- Action item
Once the line containing "Baby girl held" is found in the entries below, reproduce it and every line after it, stopping at and including the line containing "Alcala Women’s Rural"; reproduce nothing else, and keep each line exact.

Content starts

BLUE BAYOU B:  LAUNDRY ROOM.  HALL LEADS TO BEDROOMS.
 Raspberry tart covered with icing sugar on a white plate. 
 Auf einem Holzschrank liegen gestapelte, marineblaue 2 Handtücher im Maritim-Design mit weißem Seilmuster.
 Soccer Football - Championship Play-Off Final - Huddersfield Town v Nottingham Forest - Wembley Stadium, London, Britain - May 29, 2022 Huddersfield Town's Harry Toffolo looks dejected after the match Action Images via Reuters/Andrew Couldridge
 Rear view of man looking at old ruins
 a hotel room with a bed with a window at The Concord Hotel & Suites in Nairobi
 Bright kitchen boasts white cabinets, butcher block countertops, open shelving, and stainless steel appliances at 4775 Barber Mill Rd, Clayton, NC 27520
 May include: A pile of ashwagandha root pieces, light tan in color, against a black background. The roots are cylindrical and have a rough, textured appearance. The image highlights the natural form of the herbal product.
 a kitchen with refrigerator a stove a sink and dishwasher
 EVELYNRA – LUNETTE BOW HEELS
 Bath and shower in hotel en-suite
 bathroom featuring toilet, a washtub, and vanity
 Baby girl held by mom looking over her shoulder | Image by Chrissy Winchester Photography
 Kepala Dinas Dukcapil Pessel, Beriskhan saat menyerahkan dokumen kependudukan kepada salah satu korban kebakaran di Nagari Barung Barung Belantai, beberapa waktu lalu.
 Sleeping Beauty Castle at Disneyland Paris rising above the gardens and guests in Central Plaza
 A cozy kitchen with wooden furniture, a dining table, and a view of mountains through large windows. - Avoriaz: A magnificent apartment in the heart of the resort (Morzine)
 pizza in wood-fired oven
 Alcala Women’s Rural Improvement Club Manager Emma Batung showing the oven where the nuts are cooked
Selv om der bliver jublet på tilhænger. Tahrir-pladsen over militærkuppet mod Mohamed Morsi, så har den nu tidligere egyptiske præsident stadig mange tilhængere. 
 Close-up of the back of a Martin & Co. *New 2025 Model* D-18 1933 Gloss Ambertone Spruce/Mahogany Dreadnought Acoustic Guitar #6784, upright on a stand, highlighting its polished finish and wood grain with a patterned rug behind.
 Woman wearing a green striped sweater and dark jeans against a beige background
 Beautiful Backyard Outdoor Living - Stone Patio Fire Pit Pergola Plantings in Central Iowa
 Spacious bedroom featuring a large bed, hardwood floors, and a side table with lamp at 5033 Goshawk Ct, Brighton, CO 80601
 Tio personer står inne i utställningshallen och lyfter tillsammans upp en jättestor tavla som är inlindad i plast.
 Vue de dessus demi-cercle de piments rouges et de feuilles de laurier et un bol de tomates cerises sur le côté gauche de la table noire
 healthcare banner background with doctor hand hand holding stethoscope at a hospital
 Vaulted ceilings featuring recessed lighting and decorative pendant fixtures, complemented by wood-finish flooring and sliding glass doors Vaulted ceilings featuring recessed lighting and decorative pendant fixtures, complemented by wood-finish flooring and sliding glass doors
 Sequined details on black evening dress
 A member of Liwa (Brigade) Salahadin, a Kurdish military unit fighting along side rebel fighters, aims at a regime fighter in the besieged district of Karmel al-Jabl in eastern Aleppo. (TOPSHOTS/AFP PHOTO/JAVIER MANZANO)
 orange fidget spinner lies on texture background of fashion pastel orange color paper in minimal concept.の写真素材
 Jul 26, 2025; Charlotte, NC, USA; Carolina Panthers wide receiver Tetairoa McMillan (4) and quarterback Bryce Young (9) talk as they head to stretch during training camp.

Content ends

- Result
 Baby girl held by mom looking over her shoulder | Image by Chrissy Winchester Photography
 Kepala Dinas Dukcapil Pessel, Beriskhan saat menyerahkan dokumen kependudukan kepada salah satu korban kebakaran di Nagari Barung Barung Belantai, beberapa waktu lalu.
 Sleeping Beauty Castle at Disneyland Paris rising above the gardens and guests in Central Plaza
 A cozy kitchen with wooden furniture, a dining table, and a view of mountains through large windows. - Avoriaz: A magnificent apartment in the heart of the resort (Morzine)
 pizza in wood-fired oven
 Alcala Women’s Rural Improvement Club Manager Emma Batung showing the oven where the nuts are cooked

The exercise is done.